*** Opening of Data for processing ***
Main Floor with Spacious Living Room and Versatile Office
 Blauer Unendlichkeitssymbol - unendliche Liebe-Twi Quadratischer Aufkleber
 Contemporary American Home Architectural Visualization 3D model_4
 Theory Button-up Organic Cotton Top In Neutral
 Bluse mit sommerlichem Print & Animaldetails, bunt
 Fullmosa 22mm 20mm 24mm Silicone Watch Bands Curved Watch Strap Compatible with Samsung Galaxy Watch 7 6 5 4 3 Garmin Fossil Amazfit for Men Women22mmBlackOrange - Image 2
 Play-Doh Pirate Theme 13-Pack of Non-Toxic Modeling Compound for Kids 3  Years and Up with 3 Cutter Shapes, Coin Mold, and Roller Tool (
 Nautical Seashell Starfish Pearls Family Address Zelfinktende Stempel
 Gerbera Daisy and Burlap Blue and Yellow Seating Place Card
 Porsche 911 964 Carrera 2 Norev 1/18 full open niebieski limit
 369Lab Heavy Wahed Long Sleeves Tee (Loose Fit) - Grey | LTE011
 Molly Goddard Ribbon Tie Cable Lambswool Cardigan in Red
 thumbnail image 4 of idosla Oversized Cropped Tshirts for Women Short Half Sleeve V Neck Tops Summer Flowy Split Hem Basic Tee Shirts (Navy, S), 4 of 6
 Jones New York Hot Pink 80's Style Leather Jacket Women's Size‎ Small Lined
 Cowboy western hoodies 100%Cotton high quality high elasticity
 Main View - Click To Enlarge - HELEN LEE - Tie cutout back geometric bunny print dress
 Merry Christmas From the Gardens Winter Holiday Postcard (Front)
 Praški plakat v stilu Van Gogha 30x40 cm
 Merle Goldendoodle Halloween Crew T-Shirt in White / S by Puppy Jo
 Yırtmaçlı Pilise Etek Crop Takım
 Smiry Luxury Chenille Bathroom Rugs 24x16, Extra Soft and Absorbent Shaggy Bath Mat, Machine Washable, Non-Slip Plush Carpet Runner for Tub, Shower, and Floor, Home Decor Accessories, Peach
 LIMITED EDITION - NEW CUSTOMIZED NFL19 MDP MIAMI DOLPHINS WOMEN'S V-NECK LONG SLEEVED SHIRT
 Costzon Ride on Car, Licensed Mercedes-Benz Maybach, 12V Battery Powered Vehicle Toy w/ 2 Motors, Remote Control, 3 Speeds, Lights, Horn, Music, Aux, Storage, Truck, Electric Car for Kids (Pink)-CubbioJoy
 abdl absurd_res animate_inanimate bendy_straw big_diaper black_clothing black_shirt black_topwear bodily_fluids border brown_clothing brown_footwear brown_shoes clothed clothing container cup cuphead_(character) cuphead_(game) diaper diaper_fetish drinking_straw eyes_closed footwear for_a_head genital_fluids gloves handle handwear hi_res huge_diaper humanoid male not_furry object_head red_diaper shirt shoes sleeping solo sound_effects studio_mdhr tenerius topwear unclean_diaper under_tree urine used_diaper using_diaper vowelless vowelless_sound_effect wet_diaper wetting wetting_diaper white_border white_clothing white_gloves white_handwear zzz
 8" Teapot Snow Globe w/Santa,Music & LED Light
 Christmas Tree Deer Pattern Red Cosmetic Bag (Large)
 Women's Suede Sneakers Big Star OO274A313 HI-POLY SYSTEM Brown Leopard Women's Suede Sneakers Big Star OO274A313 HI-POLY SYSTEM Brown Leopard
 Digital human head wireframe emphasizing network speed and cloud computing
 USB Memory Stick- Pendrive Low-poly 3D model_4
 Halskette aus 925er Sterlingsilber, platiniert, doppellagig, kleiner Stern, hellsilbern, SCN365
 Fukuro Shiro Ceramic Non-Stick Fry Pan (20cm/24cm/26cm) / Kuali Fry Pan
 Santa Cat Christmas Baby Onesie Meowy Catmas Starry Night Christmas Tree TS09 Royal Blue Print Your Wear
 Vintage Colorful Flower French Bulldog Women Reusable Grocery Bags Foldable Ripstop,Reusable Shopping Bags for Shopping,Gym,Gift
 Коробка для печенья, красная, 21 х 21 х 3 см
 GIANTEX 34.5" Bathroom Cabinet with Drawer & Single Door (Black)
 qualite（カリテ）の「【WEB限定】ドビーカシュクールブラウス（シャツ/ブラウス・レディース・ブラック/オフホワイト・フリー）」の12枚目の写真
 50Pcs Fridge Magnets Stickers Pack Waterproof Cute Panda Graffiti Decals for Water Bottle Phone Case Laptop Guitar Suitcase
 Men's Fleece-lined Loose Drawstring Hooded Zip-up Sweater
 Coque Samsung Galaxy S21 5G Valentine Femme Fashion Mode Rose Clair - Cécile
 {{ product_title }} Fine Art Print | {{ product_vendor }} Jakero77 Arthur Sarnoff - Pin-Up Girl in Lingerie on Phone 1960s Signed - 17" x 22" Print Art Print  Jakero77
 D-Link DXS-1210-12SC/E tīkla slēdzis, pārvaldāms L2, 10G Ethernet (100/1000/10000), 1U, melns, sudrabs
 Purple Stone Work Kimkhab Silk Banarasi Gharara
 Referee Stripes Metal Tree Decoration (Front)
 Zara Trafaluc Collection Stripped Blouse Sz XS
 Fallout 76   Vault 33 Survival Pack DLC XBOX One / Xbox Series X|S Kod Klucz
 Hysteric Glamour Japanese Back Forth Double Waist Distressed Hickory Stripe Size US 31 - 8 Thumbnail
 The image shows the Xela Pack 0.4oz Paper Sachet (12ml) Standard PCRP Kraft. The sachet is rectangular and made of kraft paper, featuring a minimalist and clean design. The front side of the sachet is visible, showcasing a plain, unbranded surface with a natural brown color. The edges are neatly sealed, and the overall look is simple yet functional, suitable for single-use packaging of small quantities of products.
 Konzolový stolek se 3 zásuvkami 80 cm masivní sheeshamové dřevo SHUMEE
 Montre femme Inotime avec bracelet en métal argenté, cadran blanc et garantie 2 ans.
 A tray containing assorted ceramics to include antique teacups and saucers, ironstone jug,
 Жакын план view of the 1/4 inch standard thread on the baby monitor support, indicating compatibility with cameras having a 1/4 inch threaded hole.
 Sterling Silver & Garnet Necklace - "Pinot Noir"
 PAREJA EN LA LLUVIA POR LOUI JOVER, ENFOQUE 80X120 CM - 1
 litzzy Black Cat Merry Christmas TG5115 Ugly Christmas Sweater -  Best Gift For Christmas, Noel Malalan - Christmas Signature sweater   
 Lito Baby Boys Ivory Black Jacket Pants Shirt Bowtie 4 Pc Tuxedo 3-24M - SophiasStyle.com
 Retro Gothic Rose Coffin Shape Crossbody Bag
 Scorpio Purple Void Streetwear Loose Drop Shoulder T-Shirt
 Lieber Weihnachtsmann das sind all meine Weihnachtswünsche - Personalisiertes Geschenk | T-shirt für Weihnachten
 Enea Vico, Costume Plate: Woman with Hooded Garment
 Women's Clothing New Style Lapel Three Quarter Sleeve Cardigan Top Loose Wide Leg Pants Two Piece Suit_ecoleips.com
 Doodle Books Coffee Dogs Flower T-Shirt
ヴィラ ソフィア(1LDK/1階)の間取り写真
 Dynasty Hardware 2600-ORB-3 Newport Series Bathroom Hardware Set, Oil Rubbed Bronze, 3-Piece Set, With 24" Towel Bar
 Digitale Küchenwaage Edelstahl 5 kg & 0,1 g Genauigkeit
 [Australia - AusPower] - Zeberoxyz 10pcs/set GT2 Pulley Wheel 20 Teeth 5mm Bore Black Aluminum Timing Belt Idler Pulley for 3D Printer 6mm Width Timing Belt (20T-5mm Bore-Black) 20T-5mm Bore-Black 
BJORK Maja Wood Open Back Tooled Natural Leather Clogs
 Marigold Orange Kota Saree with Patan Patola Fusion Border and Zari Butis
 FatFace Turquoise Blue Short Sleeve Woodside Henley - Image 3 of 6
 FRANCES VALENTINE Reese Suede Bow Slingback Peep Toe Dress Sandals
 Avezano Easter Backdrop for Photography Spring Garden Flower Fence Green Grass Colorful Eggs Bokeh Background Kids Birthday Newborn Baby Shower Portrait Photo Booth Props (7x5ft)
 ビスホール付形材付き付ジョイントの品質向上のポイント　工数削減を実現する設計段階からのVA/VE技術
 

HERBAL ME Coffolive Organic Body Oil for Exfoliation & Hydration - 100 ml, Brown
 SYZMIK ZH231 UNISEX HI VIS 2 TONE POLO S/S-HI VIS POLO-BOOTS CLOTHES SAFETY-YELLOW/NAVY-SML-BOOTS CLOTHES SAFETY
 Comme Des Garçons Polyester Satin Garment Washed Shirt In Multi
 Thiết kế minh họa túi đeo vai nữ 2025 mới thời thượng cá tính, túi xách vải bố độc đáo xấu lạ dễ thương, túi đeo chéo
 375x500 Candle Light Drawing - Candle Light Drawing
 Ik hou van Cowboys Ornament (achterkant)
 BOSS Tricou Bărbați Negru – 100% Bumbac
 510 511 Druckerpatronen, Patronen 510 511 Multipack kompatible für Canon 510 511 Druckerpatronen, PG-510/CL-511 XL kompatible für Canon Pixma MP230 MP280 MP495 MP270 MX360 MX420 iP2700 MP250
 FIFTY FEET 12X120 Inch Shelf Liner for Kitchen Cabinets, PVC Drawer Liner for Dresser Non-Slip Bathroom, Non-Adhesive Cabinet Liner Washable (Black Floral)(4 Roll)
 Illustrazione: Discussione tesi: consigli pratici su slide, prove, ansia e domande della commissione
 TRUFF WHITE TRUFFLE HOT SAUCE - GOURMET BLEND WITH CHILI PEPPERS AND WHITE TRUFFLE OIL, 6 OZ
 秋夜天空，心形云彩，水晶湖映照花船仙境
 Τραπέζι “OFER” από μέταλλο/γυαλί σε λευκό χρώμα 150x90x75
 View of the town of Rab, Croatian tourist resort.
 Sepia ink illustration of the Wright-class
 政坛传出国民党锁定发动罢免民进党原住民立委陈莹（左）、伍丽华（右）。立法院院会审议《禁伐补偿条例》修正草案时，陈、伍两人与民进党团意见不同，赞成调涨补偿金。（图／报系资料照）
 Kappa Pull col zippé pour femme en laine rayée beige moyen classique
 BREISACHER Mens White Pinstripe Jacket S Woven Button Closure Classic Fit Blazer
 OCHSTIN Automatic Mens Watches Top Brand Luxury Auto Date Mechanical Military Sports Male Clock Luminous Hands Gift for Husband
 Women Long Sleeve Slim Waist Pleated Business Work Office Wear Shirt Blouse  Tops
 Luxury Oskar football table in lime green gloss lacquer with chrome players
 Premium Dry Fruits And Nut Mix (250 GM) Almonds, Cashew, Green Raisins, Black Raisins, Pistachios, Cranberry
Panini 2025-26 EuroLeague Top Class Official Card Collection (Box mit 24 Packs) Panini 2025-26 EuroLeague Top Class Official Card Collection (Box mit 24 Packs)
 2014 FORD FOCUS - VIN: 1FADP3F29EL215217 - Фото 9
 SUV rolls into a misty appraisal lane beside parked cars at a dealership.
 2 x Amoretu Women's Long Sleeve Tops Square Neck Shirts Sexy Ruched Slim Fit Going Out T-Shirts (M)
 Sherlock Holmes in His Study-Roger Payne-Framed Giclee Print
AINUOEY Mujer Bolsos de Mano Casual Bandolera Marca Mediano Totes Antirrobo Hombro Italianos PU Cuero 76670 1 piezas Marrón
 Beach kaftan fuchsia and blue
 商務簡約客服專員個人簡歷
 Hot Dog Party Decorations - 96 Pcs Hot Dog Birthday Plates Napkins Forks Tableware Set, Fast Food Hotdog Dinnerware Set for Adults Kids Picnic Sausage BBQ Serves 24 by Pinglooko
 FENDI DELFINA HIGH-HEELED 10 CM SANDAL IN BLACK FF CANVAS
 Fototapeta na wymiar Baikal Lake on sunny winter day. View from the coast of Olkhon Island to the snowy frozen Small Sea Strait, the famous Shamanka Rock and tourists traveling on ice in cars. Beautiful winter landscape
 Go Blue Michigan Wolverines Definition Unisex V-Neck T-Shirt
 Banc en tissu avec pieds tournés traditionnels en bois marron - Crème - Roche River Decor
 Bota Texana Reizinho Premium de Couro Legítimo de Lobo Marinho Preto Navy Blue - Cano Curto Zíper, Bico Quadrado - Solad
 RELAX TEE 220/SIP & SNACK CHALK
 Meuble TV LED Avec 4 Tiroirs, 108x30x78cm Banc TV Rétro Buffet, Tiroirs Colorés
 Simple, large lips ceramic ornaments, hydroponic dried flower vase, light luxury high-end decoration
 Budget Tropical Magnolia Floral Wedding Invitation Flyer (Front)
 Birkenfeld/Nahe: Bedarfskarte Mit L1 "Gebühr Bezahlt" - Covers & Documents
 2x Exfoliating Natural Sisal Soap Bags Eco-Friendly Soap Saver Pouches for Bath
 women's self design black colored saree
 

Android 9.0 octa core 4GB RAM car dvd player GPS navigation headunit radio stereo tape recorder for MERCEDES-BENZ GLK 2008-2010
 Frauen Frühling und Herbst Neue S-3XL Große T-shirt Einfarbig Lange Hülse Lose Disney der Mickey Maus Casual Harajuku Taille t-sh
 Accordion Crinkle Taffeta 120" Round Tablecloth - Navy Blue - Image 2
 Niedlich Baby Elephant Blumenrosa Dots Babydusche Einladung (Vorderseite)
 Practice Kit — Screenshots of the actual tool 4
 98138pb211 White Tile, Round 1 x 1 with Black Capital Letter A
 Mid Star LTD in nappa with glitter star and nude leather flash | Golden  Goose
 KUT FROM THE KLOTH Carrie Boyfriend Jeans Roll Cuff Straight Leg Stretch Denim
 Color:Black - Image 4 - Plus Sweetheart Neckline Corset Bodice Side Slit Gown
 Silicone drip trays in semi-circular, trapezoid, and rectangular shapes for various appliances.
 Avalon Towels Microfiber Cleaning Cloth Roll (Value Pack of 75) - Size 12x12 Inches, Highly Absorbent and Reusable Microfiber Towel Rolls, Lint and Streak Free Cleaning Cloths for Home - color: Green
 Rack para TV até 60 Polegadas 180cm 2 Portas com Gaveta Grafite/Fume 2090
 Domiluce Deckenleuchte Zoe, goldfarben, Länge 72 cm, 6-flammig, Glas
*** Close of Data for processing ***
Activity —
The records above should be printed exactly, please, from the first line through the line containing "Smiry Luxury Chenille", with both ends kept and nothing past it.

Answer space —
Main Floor with Spacious Living Room and Versatile Office
 Blauer Unendlichkeitssymbol - unendliche Liebe-Twi Quadratischer Aufkleber
 Contemporary American Home Architectural Visualization 3D model_4
 Theory Button-up Organic Cotton Top In Neutral
 Bluse mit sommerlichem Print & Animaldetails, bunt
 Fullmosa 22mm 20mm 24mm Silicone Watch Bands Curved Watch Strap Compatible with Samsung Galaxy Watch 7 6 5 4 3 Garmin Fossil Amazfit for Men Women22mmBlackOrange - Image 2
 Play-Doh Pirate Theme 13-Pack of Non-Toxic Modeling Compound for Kids 3  Years and Up with 3 Cutter Shapes, Coin Mold, and Roller Tool (
 Nautical Seashell Starfish Pearls Family Address Zelfinktende Stempel
 Gerbera Daisy and Burlap Blue and Yellow Seating Place Card
 Porsche 911 964 Carrera 2 Norev 1/18 full open niebieski limit
 369Lab Heavy Wahed Long Sleeves Tee (Loose Fit) - Grey | LTE011
 Molly Goddard Ribbon Tie Cable Lambswool Cardigan in Red
 thumbnail image 4 of idosla Oversized Cropped Tshirts for Women Short Half Sleeve V Neck Tops Summer Flowy Split Hem Basic Tee Shirts (Navy, S), 4 of 6
 Jones New York Hot Pink 80's Style Leather Jacket Women's Size‎ Small Lined
 Cowboy western hoodies 100%Cotton high quality high elasticity
 Main View - Click To Enlarge - HELEN LEE - Tie cutout back geometric bunny print dress
 Merry Christmas From the Gardens Winter Holiday Postcard (Front)
 Praški plakat v stilu Van Gogha 30x40 cm
 Merle Goldendoodle Halloween Crew T-Shirt in White / S by Puppy Jo
 Yırtmaçlı Pilise Etek Crop Takım
 Smiry Luxury Chenille Bathroom Rugs 24x16, Extra Soft and Absorbent Shaggy Bath Mat, Machine Washable, Non-Slip Plush Carpet Runner for Tub, Shower, and Floor, Home Decor Accessories, Peach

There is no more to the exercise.